[Task data]
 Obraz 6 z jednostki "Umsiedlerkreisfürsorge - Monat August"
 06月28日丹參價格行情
* * *
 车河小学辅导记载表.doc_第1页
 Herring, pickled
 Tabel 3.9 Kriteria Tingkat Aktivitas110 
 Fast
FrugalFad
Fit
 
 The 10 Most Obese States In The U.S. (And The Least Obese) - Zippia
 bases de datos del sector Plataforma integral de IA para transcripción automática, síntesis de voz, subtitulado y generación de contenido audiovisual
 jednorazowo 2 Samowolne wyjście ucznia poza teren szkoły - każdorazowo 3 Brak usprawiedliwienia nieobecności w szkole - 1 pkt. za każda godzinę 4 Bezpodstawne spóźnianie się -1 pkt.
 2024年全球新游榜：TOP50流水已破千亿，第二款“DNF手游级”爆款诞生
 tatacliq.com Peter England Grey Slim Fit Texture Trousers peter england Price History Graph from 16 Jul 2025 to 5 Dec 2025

[Work instructions] Everything from the line containing "Obraz 6 z jednostki" through the line containing "06月28日丹參價格行情" in the material above should be retyped exactly, both ends included, and nothing more.

[Answer section]
 Obraz 6 z jednostki "Umsiedlerkreisfürsorge - Monat August"
 06月28日丹參價格行情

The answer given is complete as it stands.